Items from a data source

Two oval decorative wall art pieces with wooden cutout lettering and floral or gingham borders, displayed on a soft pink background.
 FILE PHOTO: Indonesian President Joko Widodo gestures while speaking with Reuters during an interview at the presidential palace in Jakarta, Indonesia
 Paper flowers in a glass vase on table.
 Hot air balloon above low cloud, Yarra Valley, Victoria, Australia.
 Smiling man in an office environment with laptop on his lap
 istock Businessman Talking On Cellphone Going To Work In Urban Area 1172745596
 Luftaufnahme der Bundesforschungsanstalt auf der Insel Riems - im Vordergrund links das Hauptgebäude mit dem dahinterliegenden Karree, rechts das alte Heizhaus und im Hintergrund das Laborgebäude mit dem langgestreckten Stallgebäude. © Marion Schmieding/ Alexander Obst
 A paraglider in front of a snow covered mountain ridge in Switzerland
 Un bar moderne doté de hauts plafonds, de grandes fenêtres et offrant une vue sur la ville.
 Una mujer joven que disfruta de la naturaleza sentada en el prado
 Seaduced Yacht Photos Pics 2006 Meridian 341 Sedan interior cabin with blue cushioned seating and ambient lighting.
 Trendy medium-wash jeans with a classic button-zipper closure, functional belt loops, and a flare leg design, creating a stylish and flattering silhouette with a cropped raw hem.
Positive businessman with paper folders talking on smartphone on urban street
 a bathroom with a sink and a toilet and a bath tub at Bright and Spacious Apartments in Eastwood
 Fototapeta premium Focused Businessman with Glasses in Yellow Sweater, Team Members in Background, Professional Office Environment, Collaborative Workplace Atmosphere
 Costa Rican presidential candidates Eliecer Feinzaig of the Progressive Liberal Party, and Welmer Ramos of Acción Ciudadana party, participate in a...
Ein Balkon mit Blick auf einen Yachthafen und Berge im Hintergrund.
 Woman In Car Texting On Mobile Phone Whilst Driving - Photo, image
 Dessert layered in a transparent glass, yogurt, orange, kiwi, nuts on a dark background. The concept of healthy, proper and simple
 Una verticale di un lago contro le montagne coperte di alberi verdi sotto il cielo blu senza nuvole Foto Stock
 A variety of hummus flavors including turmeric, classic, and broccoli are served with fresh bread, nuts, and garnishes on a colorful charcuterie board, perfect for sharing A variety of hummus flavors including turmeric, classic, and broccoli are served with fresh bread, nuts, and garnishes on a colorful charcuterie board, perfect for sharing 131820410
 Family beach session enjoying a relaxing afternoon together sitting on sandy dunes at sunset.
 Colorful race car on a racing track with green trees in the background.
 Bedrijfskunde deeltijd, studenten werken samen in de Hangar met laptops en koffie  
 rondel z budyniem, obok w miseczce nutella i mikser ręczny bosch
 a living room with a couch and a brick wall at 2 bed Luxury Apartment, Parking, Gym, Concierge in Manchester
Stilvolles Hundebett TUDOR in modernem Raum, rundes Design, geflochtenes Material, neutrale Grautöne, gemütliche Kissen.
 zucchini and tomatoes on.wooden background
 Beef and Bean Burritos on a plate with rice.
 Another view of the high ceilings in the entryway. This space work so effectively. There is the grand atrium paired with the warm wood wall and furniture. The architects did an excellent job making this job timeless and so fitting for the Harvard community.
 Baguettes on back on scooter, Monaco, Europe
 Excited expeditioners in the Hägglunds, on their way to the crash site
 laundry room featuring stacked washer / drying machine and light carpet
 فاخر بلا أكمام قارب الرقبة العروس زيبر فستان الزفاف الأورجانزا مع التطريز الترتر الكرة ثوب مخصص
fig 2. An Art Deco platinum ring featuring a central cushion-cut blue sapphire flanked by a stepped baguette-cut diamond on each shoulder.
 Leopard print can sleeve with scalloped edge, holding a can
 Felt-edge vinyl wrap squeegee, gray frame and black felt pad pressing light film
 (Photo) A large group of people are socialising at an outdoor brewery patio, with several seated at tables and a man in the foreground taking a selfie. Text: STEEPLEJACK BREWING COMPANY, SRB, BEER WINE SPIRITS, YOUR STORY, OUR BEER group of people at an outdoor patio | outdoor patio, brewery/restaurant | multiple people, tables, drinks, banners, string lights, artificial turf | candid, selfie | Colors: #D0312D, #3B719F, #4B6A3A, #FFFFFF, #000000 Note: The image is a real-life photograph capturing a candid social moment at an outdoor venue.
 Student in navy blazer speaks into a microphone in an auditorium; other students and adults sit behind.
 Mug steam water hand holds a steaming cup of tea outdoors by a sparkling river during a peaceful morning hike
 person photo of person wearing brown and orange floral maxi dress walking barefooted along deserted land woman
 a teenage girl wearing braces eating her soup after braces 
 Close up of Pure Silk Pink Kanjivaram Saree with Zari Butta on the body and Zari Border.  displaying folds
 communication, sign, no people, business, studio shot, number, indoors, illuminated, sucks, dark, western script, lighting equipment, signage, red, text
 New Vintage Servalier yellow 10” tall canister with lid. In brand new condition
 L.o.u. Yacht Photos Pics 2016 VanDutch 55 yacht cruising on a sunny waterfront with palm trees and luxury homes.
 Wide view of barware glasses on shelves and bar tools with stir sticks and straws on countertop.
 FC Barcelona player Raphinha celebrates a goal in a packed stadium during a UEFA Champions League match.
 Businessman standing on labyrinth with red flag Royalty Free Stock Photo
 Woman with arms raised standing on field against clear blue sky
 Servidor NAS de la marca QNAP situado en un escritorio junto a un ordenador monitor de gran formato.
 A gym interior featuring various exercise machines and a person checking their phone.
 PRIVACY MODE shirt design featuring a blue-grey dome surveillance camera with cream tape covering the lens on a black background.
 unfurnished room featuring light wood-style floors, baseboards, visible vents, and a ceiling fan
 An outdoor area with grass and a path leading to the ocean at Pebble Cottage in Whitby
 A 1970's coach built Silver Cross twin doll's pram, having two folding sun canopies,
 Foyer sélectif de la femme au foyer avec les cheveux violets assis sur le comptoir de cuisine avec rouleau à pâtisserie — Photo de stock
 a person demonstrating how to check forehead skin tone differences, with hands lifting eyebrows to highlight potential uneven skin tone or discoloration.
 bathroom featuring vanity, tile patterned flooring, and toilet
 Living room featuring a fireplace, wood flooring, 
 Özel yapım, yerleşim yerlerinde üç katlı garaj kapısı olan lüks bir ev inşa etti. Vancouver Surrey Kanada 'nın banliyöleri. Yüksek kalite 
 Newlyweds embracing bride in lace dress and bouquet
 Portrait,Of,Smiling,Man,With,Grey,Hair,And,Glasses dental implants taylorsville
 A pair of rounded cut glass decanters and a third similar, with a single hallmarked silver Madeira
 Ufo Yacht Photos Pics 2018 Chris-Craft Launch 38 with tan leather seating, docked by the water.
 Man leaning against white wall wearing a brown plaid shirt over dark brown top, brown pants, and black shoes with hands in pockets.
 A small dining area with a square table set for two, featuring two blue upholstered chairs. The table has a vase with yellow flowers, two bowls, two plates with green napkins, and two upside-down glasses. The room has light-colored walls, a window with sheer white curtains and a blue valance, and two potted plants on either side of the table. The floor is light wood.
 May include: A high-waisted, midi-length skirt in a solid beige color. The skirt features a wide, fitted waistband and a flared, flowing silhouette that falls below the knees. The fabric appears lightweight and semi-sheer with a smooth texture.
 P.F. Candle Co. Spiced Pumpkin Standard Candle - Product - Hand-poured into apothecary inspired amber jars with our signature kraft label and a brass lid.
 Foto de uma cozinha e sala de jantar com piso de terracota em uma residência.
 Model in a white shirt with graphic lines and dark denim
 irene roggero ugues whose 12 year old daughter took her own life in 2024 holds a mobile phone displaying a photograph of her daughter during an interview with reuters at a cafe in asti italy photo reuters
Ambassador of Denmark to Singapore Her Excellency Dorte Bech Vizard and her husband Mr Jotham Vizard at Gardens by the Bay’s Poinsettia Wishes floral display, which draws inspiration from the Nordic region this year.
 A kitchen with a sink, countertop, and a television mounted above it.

§ **What this task involves**
Give back every entry exactly.

§ **Finished task**
Two oval decorative wall art pieces with wooden cutout lettering and floral or gingham borders, displayed on a soft pink background.
 FILE PHOTO: Indonesian President Joko Widodo gestures while speaking with Reuters during an interview at the presidential palace in Jakarta, Indonesia
 Paper flowers in a glass vase on table.
 Hot air balloon above low cloud, Yarra Valley, Victoria, Australia.
 Smiling man in an office environment with laptop on his lap
 istock Businessman Talking On Cellphone Going To Work In Urban Area 1172745596
 Luftaufnahme der Bundesforschungsanstalt auf der Insel Riems - im Vordergrund links das Hauptgebäude mit dem dahinterliegenden Karree, rechts das alte Heizhaus und im Hintergrund das Laborgebäude mit dem langgestreckten Stallgebäude. © Marion Schmieding/ Alexander Obst
 A paraglider in front of a snow covered mountain ridge in Switzerland
 Un bar moderne doté de hauts plafonds, de grandes fenêtres et offrant une vue sur la ville.
 Una mujer joven que disfruta de la naturaleza sentada en el prado
 Seaduced Yacht Photos Pics 2006 Meridian 341 Sedan interior cabin with blue cushioned seating and ambient lighting.
 Trendy medium-wash jeans with a classic button-zipper closure, functional belt loops, and a flare leg design, creating a stylish and flattering silhouette with a cropped raw hem.
Positive businessman with paper folders talking on smartphone on urban street
 a bathroom with a sink and a toilet and a bath tub at Bright and Spacious Apartments in Eastwood
 Fototapeta premium Focused Businessman with Glasses in Yellow Sweater, Team Members in Background, Professional Office Environment, Collaborative Workplace Atmosphere
 Costa Rican presidential candidates Eliecer Feinzaig of the Progressive Liberal Party, and Welmer Ramos of Acción Ciudadana party, participate in a...
Ein Balkon mit Blick auf einen Yachthafen und Berge im Hintergrund.
 Woman In Car Texting On Mobile Phone Whilst Driving - Photo, image
 Dessert layered in a transparent glass, yogurt, orange, kiwi, nuts on a dark background. The concept of healthy, proper and simple
 Una verticale di un lago contro le montagne coperte di alberi verdi sotto il cielo blu senza nuvole Foto Stock
 A variety of hummus flavors including turmeric, classic, and broccoli are served with fresh bread, nuts, and garnishes on a colorful charcuterie board, perfect for sharing A variety of hummus flavors including turmeric, classic, and broccoli are served with fresh bread, nuts, and garnishes on a colorful charcuterie board, perfect for sharing 131820410
 Family beach session enjoying a relaxing afternoon together sitting on sandy dunes at sunset.
 Colorful race car on a racing track with green trees in the background.
 Bedrijfskunde deeltijd, studenten werken samen in de Hangar met laptops en koffie  
 rondel z budyniem, obok w miseczce nutella i mikser ręczny bosch
 a living room with a couch and a brick wall at 2 bed Luxury Apartment, Parking, Gym, Concierge in Manchester
Stilvolles Hundebett TUDOR in modernem Raum, rundes Design, geflochtenes Material, neutrale Grautöne, gemütliche Kissen.
 zucchini and tomatoes on.wooden background
 Beef and Bean Burritos on a plate with rice.
 Another view of the high ceilings in the entryway. This space work so effectively. There is the grand atrium paired with the warm wood wall and furniture. The architects did an excellent job making this job timeless and so fitting for the Harvard community.
 Baguettes on back on scooter, Monaco, Europe
 Excited expeditioners in the Hägglunds, on their way to the crash site
 laundry room featuring stacked washer / drying machine and light carpet
 فاخر بلا أكمام قارب الرقبة العروس زيبر فستان الزفاف الأورجانزا مع التطريز الترتر الكرة ثوب مخصص
fig 2. An Art Deco platinum ring featuring a central cushion-cut blue sapphire flanked by a stepped baguette-cut diamond on each shoulder.
 Leopard print can sleeve with scalloped edge, holding a can
 Felt-edge vinyl wrap squeegee, gray frame and black felt pad pressing light film
 (Photo) A large group of people are socialising at an outdoor brewery patio, with several seated at tables and a man in the foreground taking a selfie. Text: STEEPLEJACK BREWING COMPANY, SRB, BEER WINE SPIRITS, YOUR STORY, OUR BEER group of people at an outdoor patio | outdoor patio, brewery/restaurant | multiple people, tables, drinks, banners, string lights, artificial turf | candid, selfie | Colors: #D0312D, #3B719F, #4B6A3A, #FFFFFF, #000000 Note: The image is a real-life photograph capturing a candid social moment at an outdoor venue.
 Student in navy blazer speaks into a microphone in an auditorium; other students and adults sit behind.
 Mug steam water hand holds a steaming cup of tea outdoors by a sparkling river during a peaceful morning hike
 person photo of person wearing brown and orange floral maxi dress walking barefooted along deserted land woman
 a teenage girl wearing braces eating her soup after braces 
 Close up of Pure Silk Pink Kanjivaram Saree with Zari Butta on the body and Zari Border.  displaying folds
 communication, sign, no people, business, studio shot, number, indoors, illuminated, sucks, dark, western script, lighting equipment, signage, red, text
 New Vintage Servalier yellow 10” tall canister with lid. In brand new condition
 L.o.u. Yacht Photos Pics 2016 VanDutch 55 yacht cruising on a sunny waterfront with palm trees and luxury homes.
 Wide view of barware glasses on shelves and bar tools with stir sticks and straws on countertop.
 FC Barcelona player Raphinha celebrates a goal in a packed stadium during a UEFA Champions League match.
 Businessman standing on labyrinth with red flag Royalty Free Stock Photo
 Woman with arms raised standing on field against clear blue sky
 Servidor NAS de la marca QNAP situado en un escritorio junto a un ordenador monitor de gran formato.
 A gym interior featuring various exercise machines and a person checking their phone.
 PRIVACY MODE shirt design featuring a blue-grey dome surveillance camera with cream tape covering the lens on a black background.
 unfurnished room featuring light wood-style floors, baseboards, visible vents, and a ceiling fan
 An outdoor area with grass and a path leading to the ocean at Pebble Cottage in Whitby
 A 1970's coach built Silver Cross twin doll's pram, having two folding sun canopies,
 Foyer sélectif de la femme au foyer avec les cheveux violets assis sur le comptoir de cuisine avec rouleau à pâtisserie — Photo de stock
 a person demonstrating how to check forehead skin tone differences, with hands lifting eyebrows to highlight potential uneven skin tone or discoloration.
 bathroom featuring vanity, tile patterned flooring, and toilet
 Living room featuring a fireplace, wood flooring, 
 Özel yapım, yerleşim yerlerinde üç katlı garaj kapısı olan lüks bir ev inşa etti. Vancouver Surrey Kanada 'nın banliyöleri. Yüksek kalite 
 Newlyweds embracing bride in lace dress and bouquet
 Portrait,Of,Smiling,Man,With,Grey,Hair,And,Glasses dental implants taylorsville
 A pair of rounded cut glass decanters and a third similar, with a single hallmarked silver Madeira
 Ufo Yacht Photos Pics 2018 Chris-Craft Launch 38 with tan leather seating, docked by the water.
 Man leaning against white wall wearing a brown plaid shirt over dark brown top, brown pants, and black shoes with hands in pockets.
 A small dining area with a square table set for two, featuring two blue upholstered chairs. The table has a vase with yellow flowers, two bowls, two plates with green napkins, and two upside-down glasses. The room has light-colored walls, a window with sheer white curtains and a blue valance, and two potted plants on either side of the table. The floor is light wood.
 May include: A high-waisted, midi-length skirt in a solid beige color. The skirt features a wide, fitted waistband and a flared, flowing silhouette that falls below the knees. The fabric appears lightweight and semi-sheer with a smooth texture.
 P.F. Candle Co. Spiced Pumpkin Standard Candle - Product - Hand-poured into apothecary inspired amber jars with our signature kraft label and a brass lid.
 Foto de uma cozinha e sala de jantar com piso de terracota em uma residência.
 Model in a white shirt with graphic lines and dark denim
 irene roggero ugues whose 12 year old daughter took her own life in 2024 holds a mobile phone displaying a photograph of her daughter during an interview with reuters at a cafe in asti italy photo reuters
Ambassador of Denmark to Singapore Her Excellency Dorte Bech Vizard and her husband Mr Jotham Vizard at Gardens by the Bay’s Poinsettia Wishes floral display, which draws inspiration from the Nordic region this year.
 A kitchen with a sink, countertop, and a television mounted above it.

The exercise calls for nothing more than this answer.